### Task item
Leave out every line before the one that contains "this 250×188 image.". Please restate that line and the rest of the data word for word, through the end.

START Exercise material

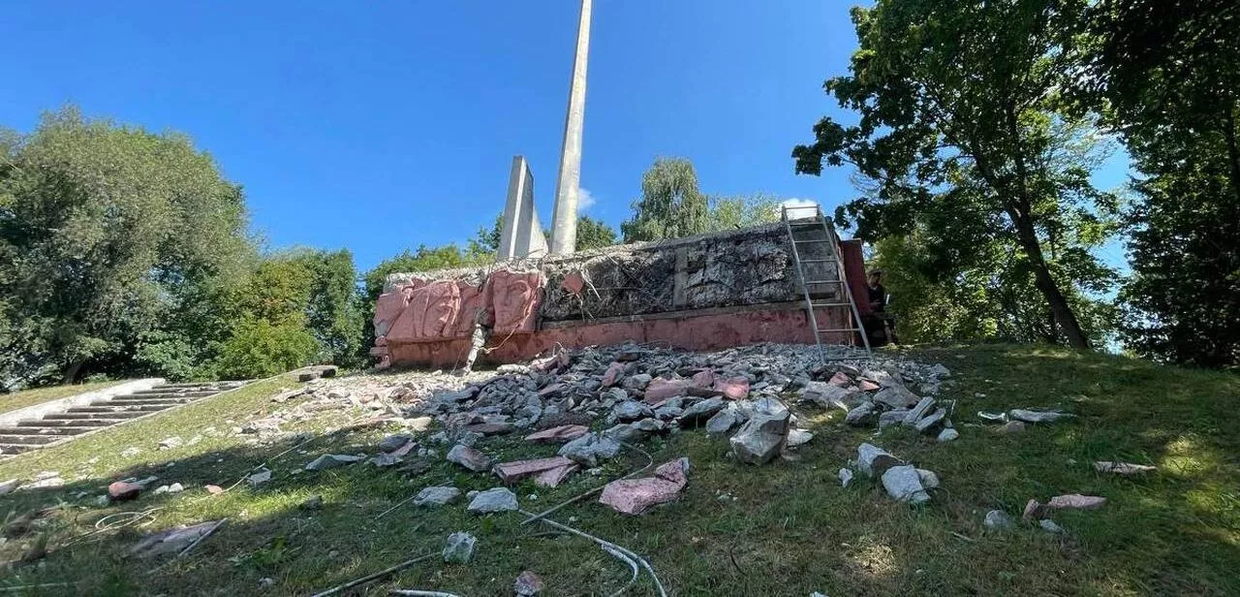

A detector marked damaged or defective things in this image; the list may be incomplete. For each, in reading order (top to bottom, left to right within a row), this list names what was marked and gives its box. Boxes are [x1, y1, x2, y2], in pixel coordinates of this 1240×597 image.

broken concrete slab [520, 424, 588, 442]
broken concrete slab [448, 444, 492, 472]
broken concrete slab [470, 484, 520, 512]
broken concrete slab [490, 456, 576, 484]
broken concrete slab [600, 456, 688, 512]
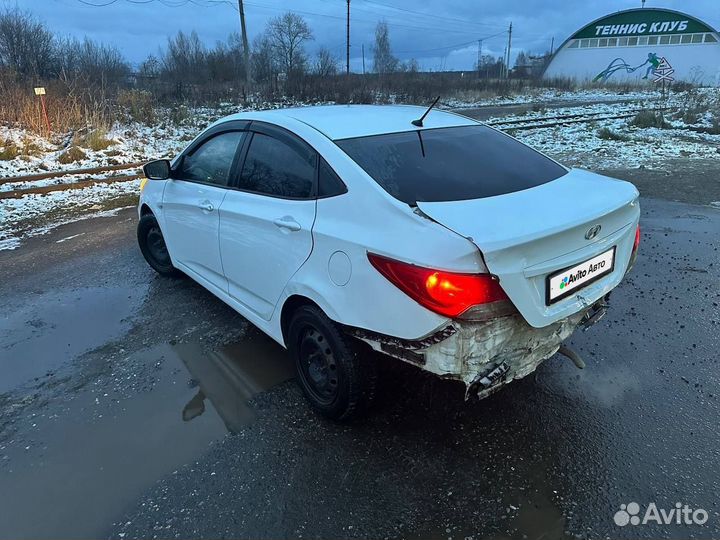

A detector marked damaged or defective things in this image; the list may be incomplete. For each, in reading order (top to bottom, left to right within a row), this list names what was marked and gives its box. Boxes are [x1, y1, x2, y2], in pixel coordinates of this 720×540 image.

damaged rear bumper [348, 298, 608, 398]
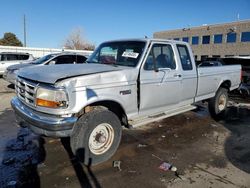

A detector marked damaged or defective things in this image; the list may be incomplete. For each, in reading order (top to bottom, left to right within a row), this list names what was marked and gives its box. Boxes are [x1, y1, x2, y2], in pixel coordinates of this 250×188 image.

crumpled hood [17, 64, 123, 83]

END Exercise material

### Expected answer
A detector marked damaged or defective things in this image; the list may be incomplete. For each, in reading order (top to bottom, left to right within a row), this list names what was marked and gives its box. Boxes are [x1, y1, x2, y2], in pixel coordinates of this 250×188 image.

crumpled hood [17, 64, 123, 83]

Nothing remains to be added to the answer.